- Published: Fri, Nov 25, 2022 08:55
In this Q&A-style article, Gartner Vice President and Advisory Ian Beale discusses the risks and implications of greenwashing. Greenwashing is the misleading of investors, regulators, and the public about the environmental impact of a product or service, whether intentional or not by an organization.
Q: Why has concern about greenwashing risks accelerated in 2022?
A: As a result of staggering climate change on our planet, business is expected to play an active and visible role in accelerating the transition to a carbon-free world. Consumers, investors, regulators, employees, and the media therefore need to understand what companies are saying and, more importantly, what they are doing – that they are doing enough. whether they are, whether they are acting quickly enough, and whether they accurately convey the big picture in their announcements.
Q: How can an organization be exposed to greenwashing risks?
A: The CEO can make announcements about company performance and plans. They may sign up for protocols and commit the company to specific goals, targets and timelines. We may do this because we try to earn. Unless the process is in place, there is a risk that the wrong objectives will be chosen and the company’s strategy will not be aligned. Resources are not directed to appropriate activities and goals are not achieved.
In today’s world of 24/7 news and instant social media commentary, if a statement is issued and not delivered, or if inaccurate information is reported (whether intentionally or inadvertently), a prompt and have a negative impact. The consequences could be more serious for investors and whether companies are considered “investable” by his ESG mandate. Moreover, the transition to, for example, a carbon-neutral or carbon-negative world presents enormous business opportunities, but without proper strategy, governance, management and reporting, these benefits can be missed.
Q: What role should internal audit play in identifying and mitigating greenwashing risks?
A: First, Audit can challenge commitments made by management. For example, does management make genuine and substantive commitments to meet applicable protocols, and does management align these commitments with new protocols announced by the United Nations or others? Are you aware of the regulations you need and are you making the best decisions when regulations appear to conflict or overlap?
Internal audit leaders need to ensure that the appropriate management teams (in terms of seniority and expertise) are clearly accountable and empowered to carry out the necessary activities quickly enough.

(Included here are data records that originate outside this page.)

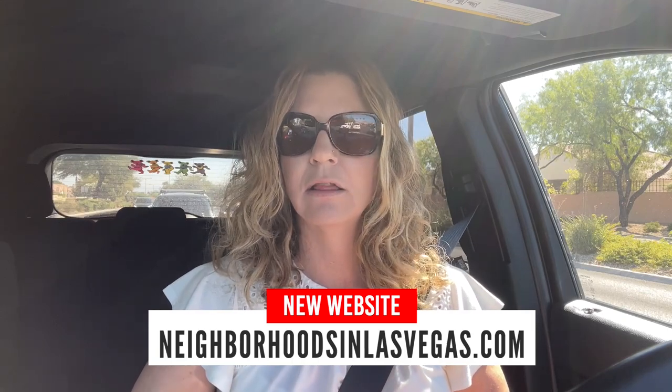Recently I had a website called summerlandcommunities.com, and Summerlin got on to me for a trademark violation for using 'Summerlin' in my URL. I've really done my Summerlin villages — I've done videos on all the villages — so I thought I'd take it a little further and revamp my website. Now it's called Neighborhoods in Las Vegas.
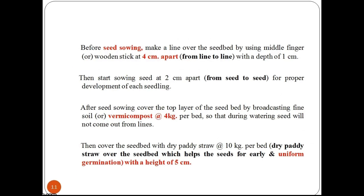Before seed sowing, make lines over the seed bed using a middle finger or wooden stick at 4 cm apart with a depth of 1 cm. Then start sowing at 2 cm apart from seed to seed for proper development of each seedling. After seed sowing, cover the top layer of the seed bed by broadcasting fine soil or vermicompost at the rate of 4 kg per bed, so that during watering the seeds will not come out from the lines.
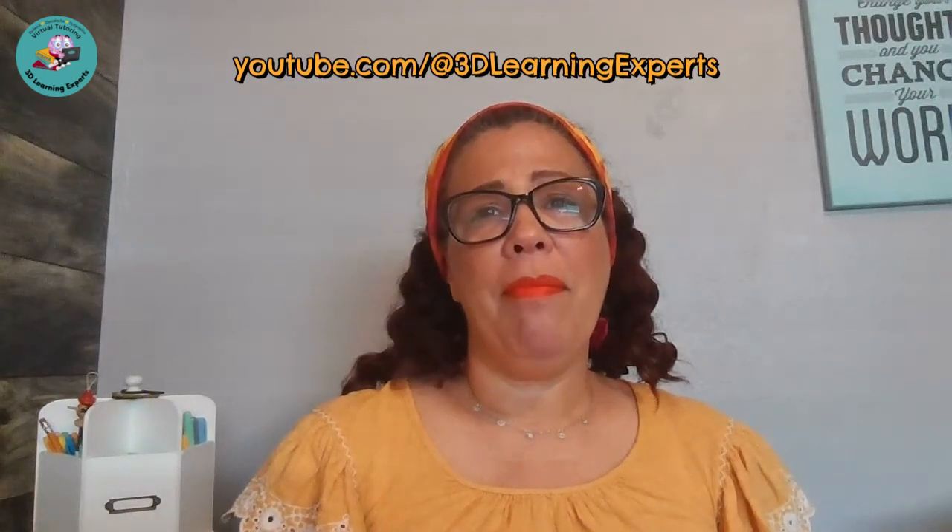I hope you found these tips to be helpful. If you'd like more information, please subscribe to our YouTube channel at youtube.com/@3DLearningExperts. And if you'd like to learn about our tutoring, I'd be happy to have a free consultation call with you. Just go to 3dlearningexperts.com/consult and you can schedule a call with me. We've got lots of great resources on our website, 3dlearningexperts.com. Have a great day and remember, you can be the champion for your child.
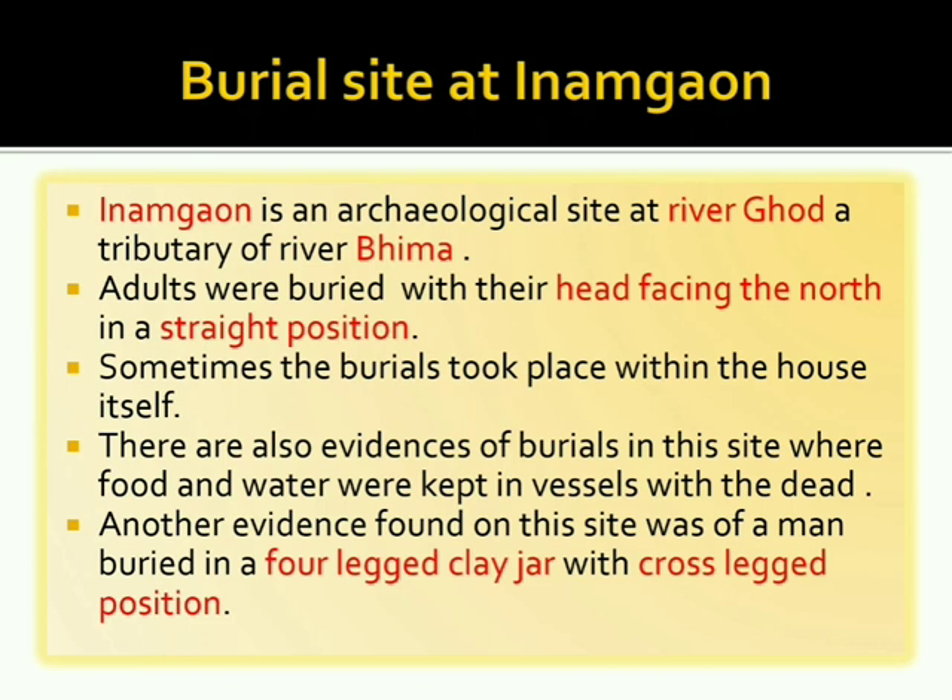Inamgaon is an archaeological site on the river Ghod, which is a tributary of river Bhima. Adults were buried with their heads facing north in a straight position. Sometimes burials took place within the house itself. There is also evidence that food and water were kept in vessels with the dead, and one man was found buried in a four-legged clay jar in a cross-legged position.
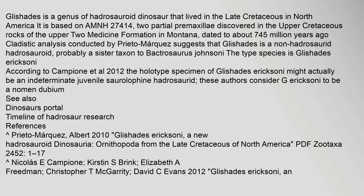Glishades is a genus of hadrosauroid dinosaur that lived in the late Cretaceous in North America. It is based on AMNH 27414, two partial premaxillae discovered in the upper Cretaceous rocks of the upper Two Medicine Formation in Montana, dated to about 74.5 million years ago.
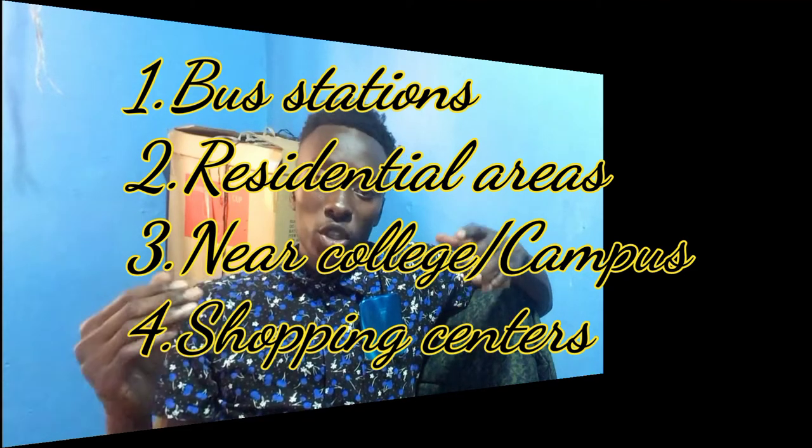Point number two: you need to get a business premise. After identifying a strategic location for your movie shop, the next step is to rent a shop or store before you start. When renting a shop, keep in mind that costs tend to be high in developed areas, and the space of your business will also determine the rent price.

We also need to ensure that progress and performance are accurately and consistently reported internally, and that the right metrics are reported externally in the right context and fully, accurately and honestly.
Q: Can the above be achieved by enhancing existing internal audit processes, or does the organization need special controls for this risk?
A: These approaches use standard auditing techniques to understand processes, assess risks to adequately achieve stated objectives, and assess those risks within agreed and defined tolerances. Map the necessary controls to mitigate This approach uses auditing skills to identify and collect data, challenge management, categorically criticize plans and statements, and maintain independence (a key friend in this rapidly changing field). ), you must interact professionally with senior management. All essential.
It is clear that many teams will need to improve their skills in the specific ESG areas most important to their organization so that they can properly assess management statements, activities and system data. This is always necessary in new and evolving complex risk areas.